Governments around the world have used rhetoric like Barack Obama’s to kick the debt can down the road for decades. The can is kicking back with potentially disastrous consequences. Republicans should not abet this president’s dismissiveness of the fiscal sword hanging over our children’s future by making comments that Democrats and the mainstream media (if you will pardon my redundancy) will spin into reasons to remain on our current doomed path.

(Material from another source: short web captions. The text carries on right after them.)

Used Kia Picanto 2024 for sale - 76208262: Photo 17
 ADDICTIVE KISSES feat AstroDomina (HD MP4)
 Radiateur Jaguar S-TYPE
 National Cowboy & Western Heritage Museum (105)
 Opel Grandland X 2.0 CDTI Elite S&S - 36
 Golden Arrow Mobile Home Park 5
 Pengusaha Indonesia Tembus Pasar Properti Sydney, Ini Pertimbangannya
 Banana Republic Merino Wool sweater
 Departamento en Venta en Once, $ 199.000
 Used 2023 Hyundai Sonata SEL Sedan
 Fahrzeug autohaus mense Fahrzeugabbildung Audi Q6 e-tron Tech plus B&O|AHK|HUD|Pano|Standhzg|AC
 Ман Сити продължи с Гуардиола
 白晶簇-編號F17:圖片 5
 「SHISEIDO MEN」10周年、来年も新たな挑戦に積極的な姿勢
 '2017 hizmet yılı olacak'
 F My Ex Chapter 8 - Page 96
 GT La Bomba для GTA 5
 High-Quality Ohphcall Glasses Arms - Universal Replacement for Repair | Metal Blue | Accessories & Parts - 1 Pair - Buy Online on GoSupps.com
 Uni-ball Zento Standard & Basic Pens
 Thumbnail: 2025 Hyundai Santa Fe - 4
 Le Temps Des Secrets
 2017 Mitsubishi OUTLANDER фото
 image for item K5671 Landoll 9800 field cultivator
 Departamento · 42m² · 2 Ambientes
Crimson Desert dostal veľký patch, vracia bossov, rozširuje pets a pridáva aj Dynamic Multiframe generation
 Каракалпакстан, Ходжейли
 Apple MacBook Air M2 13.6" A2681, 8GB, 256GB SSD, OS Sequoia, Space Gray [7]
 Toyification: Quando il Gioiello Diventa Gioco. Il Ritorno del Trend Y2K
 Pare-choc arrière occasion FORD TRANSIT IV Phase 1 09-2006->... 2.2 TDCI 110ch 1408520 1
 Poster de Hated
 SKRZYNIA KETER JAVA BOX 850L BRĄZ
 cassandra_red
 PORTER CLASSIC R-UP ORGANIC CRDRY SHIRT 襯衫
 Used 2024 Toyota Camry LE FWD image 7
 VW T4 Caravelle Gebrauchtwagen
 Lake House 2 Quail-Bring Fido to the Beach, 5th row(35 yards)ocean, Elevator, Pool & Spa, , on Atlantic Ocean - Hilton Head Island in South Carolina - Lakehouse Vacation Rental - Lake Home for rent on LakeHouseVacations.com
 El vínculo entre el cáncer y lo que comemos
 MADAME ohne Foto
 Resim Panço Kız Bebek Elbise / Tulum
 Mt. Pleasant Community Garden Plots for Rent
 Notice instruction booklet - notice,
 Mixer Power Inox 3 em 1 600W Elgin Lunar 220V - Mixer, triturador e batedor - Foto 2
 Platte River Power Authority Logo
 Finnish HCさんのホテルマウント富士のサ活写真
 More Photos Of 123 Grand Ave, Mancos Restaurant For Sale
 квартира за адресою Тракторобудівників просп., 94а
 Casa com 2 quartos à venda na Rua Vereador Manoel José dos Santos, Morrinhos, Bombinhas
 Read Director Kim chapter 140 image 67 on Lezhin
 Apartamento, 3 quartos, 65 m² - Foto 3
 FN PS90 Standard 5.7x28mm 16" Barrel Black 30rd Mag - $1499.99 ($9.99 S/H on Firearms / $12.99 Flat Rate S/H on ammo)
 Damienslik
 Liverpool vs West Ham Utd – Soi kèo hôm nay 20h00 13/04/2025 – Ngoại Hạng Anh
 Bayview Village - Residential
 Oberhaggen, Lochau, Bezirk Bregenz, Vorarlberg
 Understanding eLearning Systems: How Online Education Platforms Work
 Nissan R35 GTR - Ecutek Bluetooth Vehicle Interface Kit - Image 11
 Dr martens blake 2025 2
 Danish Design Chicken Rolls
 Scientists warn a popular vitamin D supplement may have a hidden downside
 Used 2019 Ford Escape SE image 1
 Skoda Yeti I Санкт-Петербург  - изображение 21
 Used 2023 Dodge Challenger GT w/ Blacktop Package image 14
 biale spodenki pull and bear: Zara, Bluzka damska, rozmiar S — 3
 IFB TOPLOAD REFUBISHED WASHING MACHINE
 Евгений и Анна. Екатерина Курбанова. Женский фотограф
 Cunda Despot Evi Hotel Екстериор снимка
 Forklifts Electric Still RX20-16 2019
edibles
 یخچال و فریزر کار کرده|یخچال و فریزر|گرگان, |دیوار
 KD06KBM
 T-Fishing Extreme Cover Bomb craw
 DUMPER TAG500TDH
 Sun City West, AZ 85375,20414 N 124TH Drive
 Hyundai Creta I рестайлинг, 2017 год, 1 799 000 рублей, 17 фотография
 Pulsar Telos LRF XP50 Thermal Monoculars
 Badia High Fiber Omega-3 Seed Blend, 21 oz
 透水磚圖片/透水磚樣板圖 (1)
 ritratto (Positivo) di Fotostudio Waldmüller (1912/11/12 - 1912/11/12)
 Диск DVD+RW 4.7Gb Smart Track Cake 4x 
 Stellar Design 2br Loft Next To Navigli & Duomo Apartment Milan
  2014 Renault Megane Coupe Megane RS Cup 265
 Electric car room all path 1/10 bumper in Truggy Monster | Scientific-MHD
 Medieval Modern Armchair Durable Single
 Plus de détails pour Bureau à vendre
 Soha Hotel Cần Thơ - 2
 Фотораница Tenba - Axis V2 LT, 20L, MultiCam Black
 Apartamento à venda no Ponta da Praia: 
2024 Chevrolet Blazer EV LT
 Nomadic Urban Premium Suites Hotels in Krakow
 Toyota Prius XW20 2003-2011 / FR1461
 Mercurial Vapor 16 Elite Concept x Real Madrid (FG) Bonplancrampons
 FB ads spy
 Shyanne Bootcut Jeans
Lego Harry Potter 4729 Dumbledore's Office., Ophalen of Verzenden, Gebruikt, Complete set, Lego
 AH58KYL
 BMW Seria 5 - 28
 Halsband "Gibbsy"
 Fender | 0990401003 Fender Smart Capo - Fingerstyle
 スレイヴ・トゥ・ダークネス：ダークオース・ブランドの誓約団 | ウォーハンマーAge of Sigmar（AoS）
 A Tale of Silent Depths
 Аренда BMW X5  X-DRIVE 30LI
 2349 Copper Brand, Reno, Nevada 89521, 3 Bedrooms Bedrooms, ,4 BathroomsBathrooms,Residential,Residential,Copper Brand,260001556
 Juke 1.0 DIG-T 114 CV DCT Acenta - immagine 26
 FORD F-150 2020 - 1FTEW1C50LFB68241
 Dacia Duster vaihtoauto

While Boehner and Ryan are right in an academic sense that our debt crisis is “looming” rather than “immediate,” they should reframe the discussion as not to give aid and comfort to the big-spenders in Washington, D.C. Republicans should aggressively argue that prudence dictates we act as if a crisis is hours, not years, away. We should do now what we would do if interest rates had already begun their inevitable climb, in order to ensure that the climb is gradual and limited rather than sudden and frighteningly large. Playing down the financial peril our nation faces substantially increases the chances that we will do nothing until it is too late.

Barack Obama, ever the economic enfant terrible, is treating the United States national debt like a jack-in-the-box. We don’t know how many turns we have until it pops open. Republicans must make sure the American electorate knows what a dangerous game our president is glibly playing with our nation’s future, and that the difference between a “looming” crisis and an “immediate” one, like the difference between a closed jack-in-the-box and one that pops open, is just a few turns of the bond market.